7.1 problem 1(a)

Internal problem ID [1061]

Book: Elementary differential equations with boundary value problems. William F. Trench. Brooks/Cole 2001
Section: Chapter 2, First order equations. Exact equations. Integrating factors. Section 2.6 Page 91
Problem number: 1(a).
ODE order: 1.
ODE degree: 1.

CAS Maple gives this as type [[_homogeneous, class G], _rational, [_Abel, 2nd type, class B]]
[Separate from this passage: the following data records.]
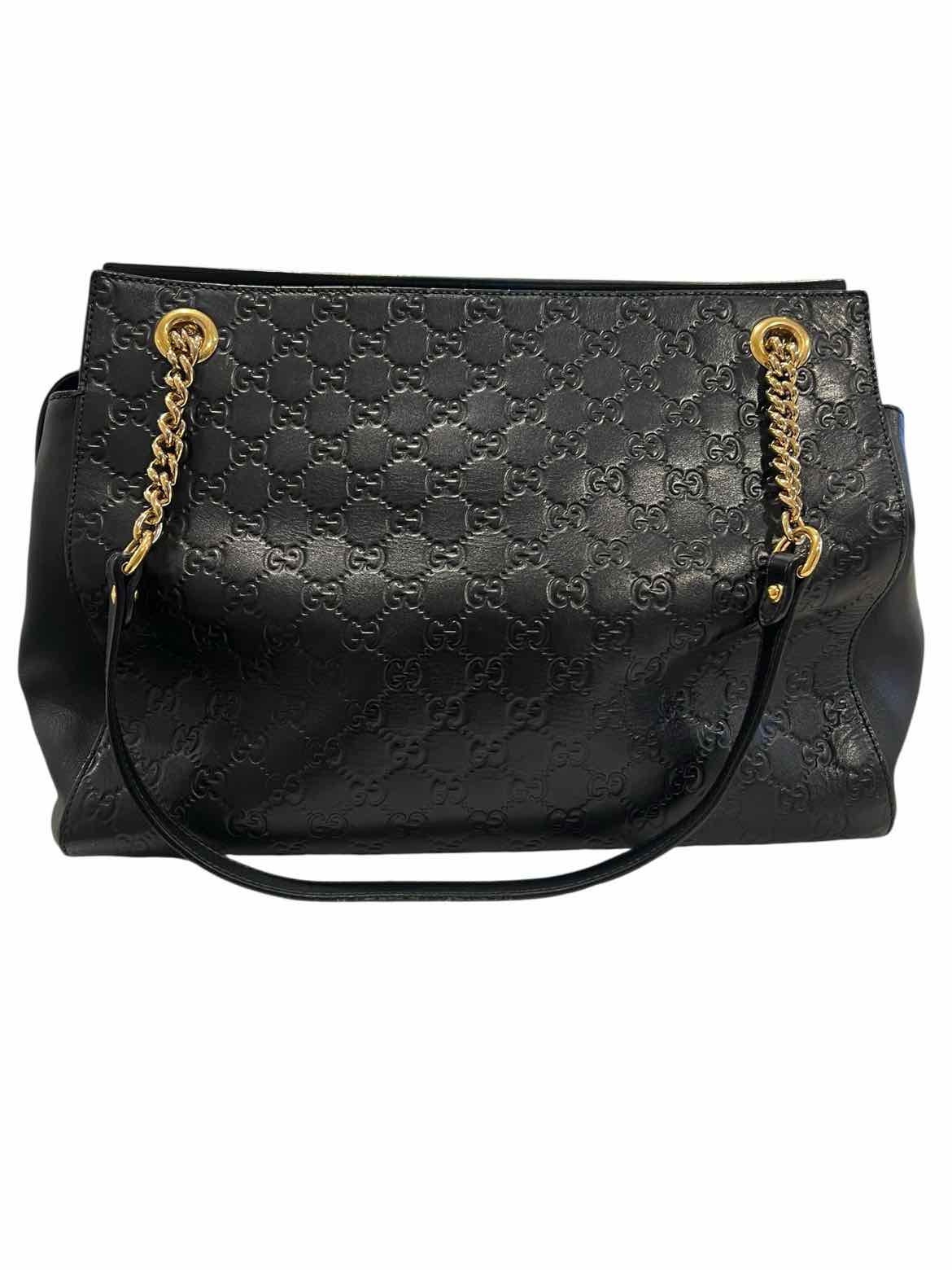 GUCCI Size Large black/gold hardware Purse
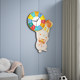 Creative Trendy Rabbit Silent Wall Clock No Punch-Hole Clock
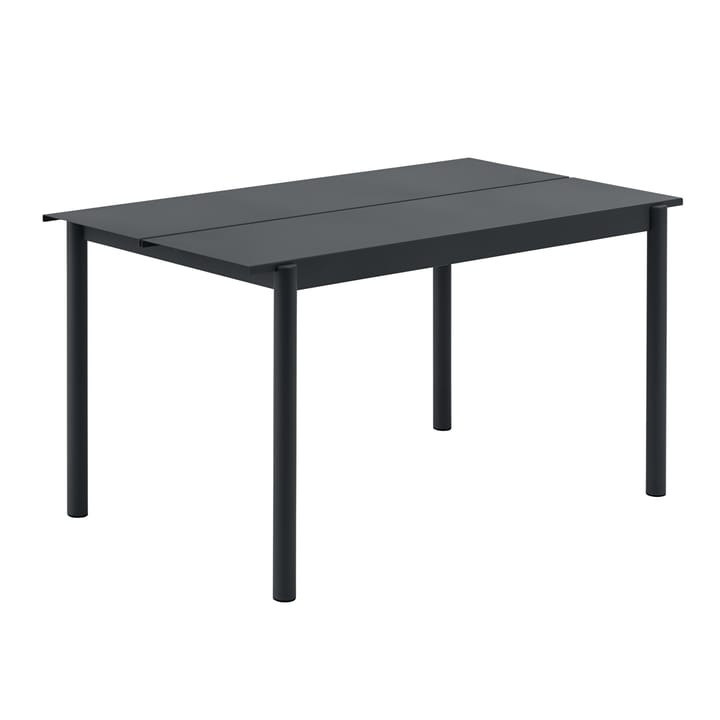 Linear steel table tafel 140x75 cm - Black - Muuto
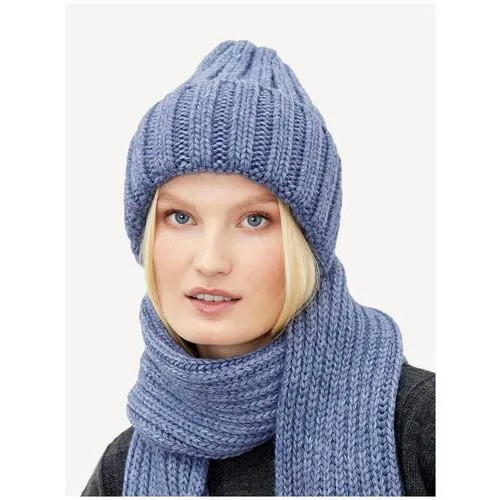 Комплект шапка и шарф (Размер: One size, Цвет: Индиго)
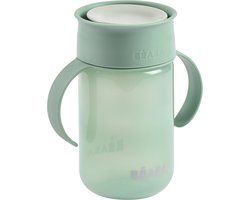 Béaba Drinkbeker Baby - Oefenbeker - 360-systeem - Vanaf 12maanden - Groen- 340ml
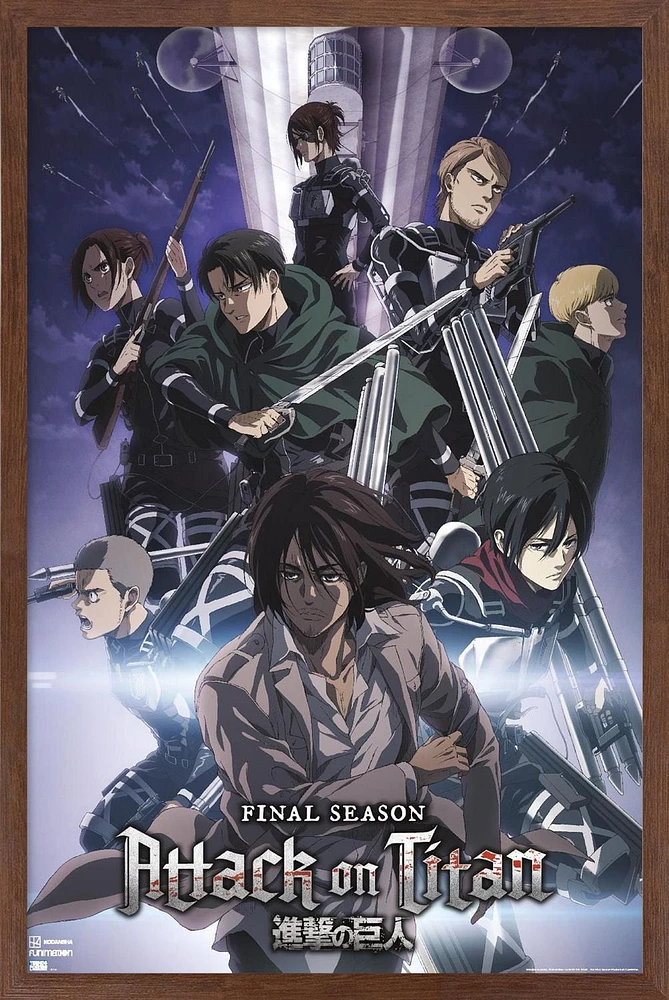 Attack on Titan: Season 4 - Key Visual 2 Wall Poster, 22.375" x 34"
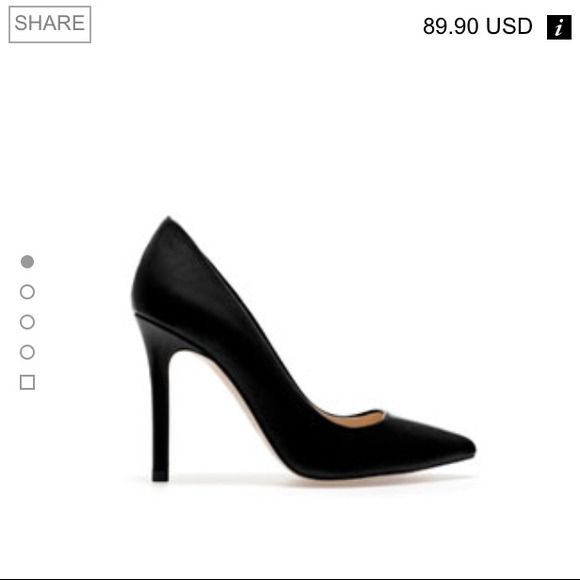 NEW Zara Leather Court Shoe (online for 89.90)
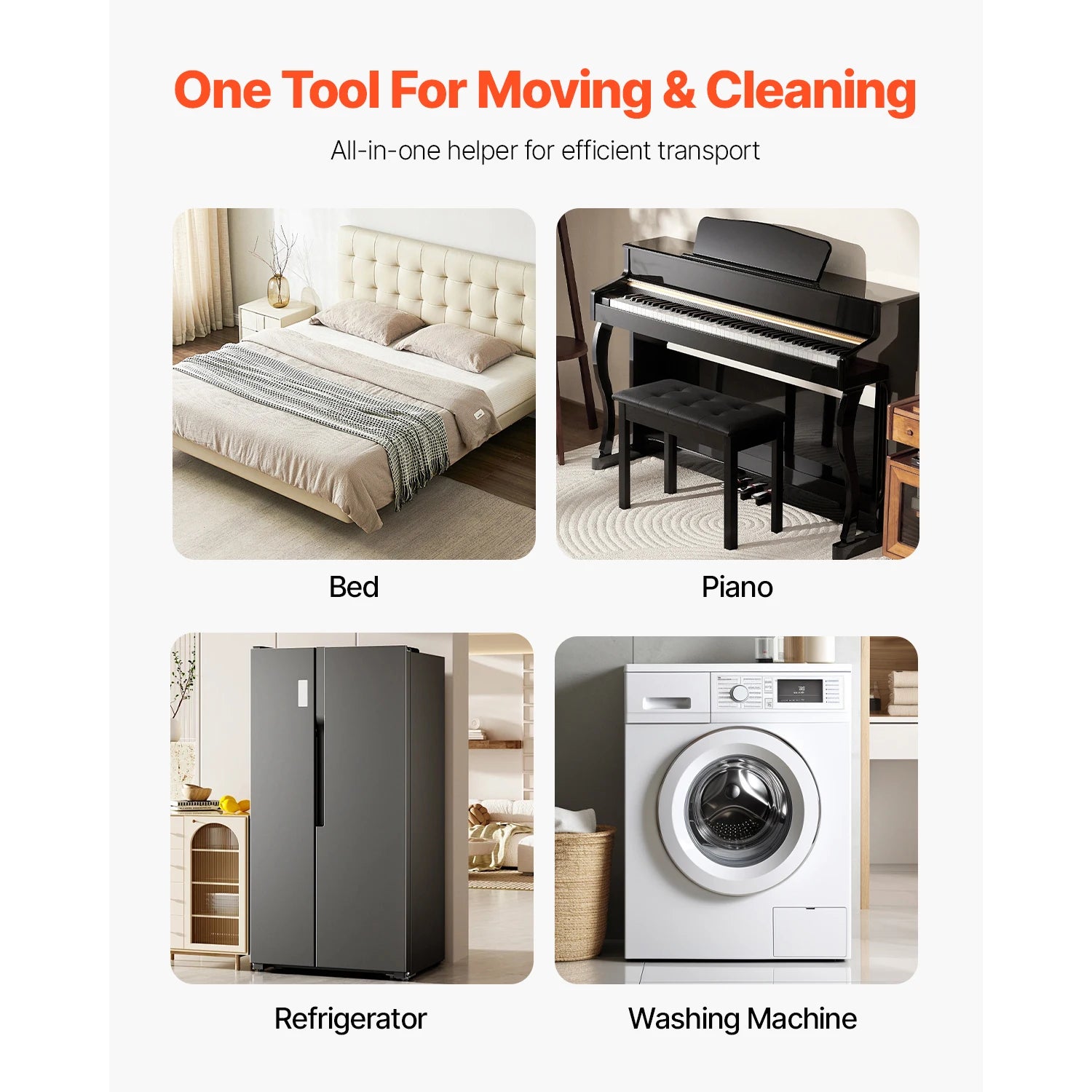 Plataforma Rodante para Muebles Carga de 200 kg,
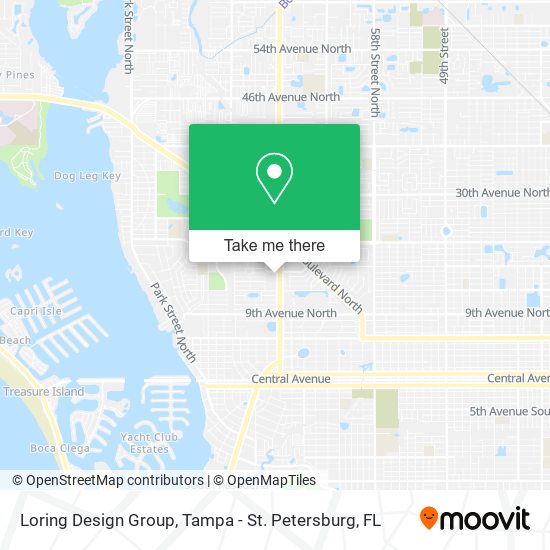 Mapa de Loring Design Group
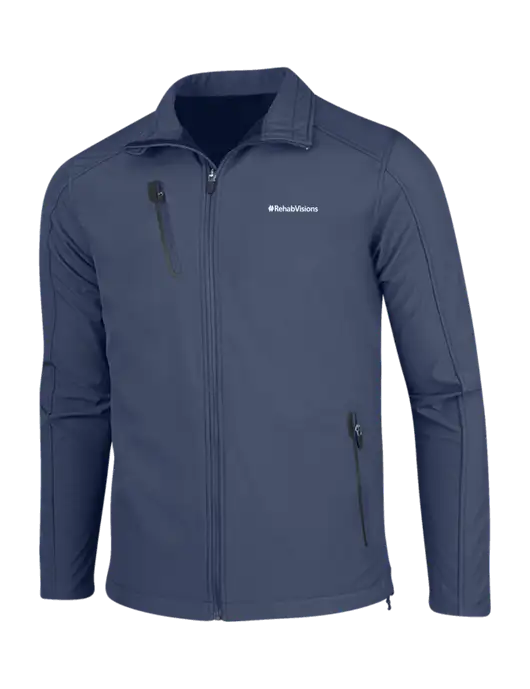 Navy Welded Softshell Jacket w/RehabVisions Logo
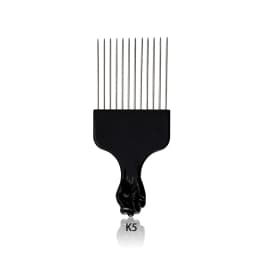 Black Metal African American Pick Comb Hair Combs Hair Comb for Hairdressing Styling Tool Salon Barber Shop Accessories 6 Style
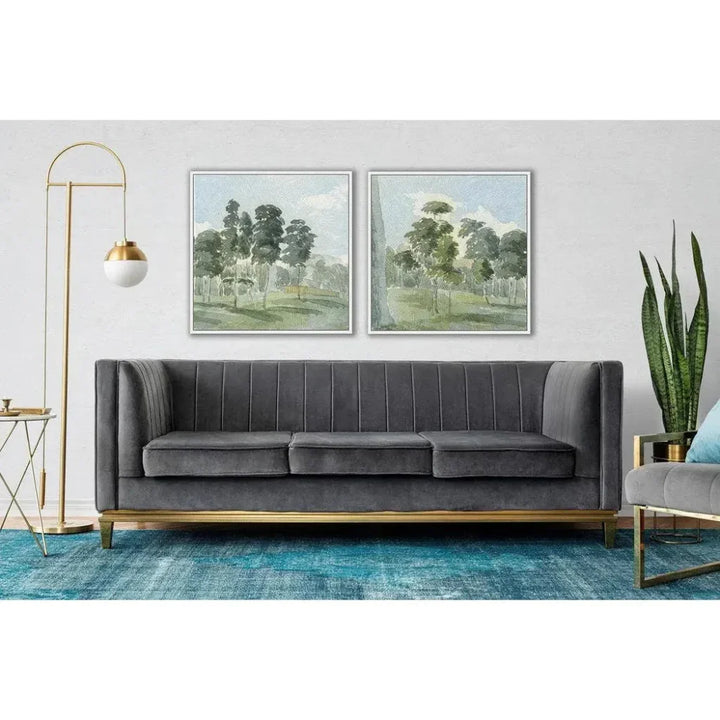 Grove I Artwork d Canvas With Floating - LOOMLAN - LOOMLAN - Canvas Art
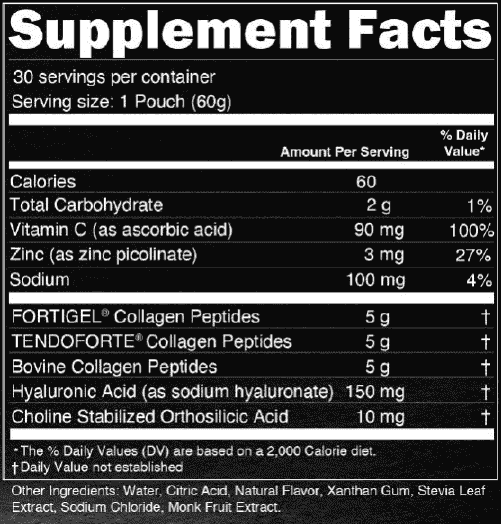 Collagen - Liquid: Raspberry (30 Single-Serve Pouches)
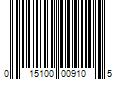 Barcode Image for UPC code 015100009105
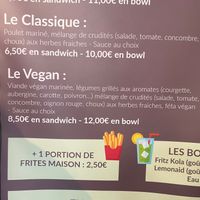 Menu at Impact Berliner Kebap in Paris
Solve \begin {gather*} \boxed {y+\left (2 x +\frac {1}{y}\right ) y^{\prime }=0} \end {gather*}

Solution by Maple

Time used: 0.007 (sec). Leaf size: 37

dsolve(y(x)+(2*x+1/y(x))*diff(y(x),x)=0,y(x), singsol=all)
 

\begin{align*} y \relax (x ) = \frac {-1+\sqrt {4 x c_{1}+1}}{2 x} \\ y \relax (x ) = -\frac {1+\sqrt {4 x c_{1}+1}}{2 x} \\ \end{align*}

Solution by Mathematica

Time used: 0.237 (sec). Leaf size: 54

DSolve[y[x]+(2*x+1/y[x])*y'[x]==0,y[x],x,IncludeSingularSolutions -> True]
 

\begin{align*} y(x)\to -\frac {1+\sqrt {1+4 c_1 x}}{2 x} \\ y(x)\to \frac {-1+\sqrt {1+4 c_1 x}}{2 x} \\ y(x)\to 0 \\ \end{align*}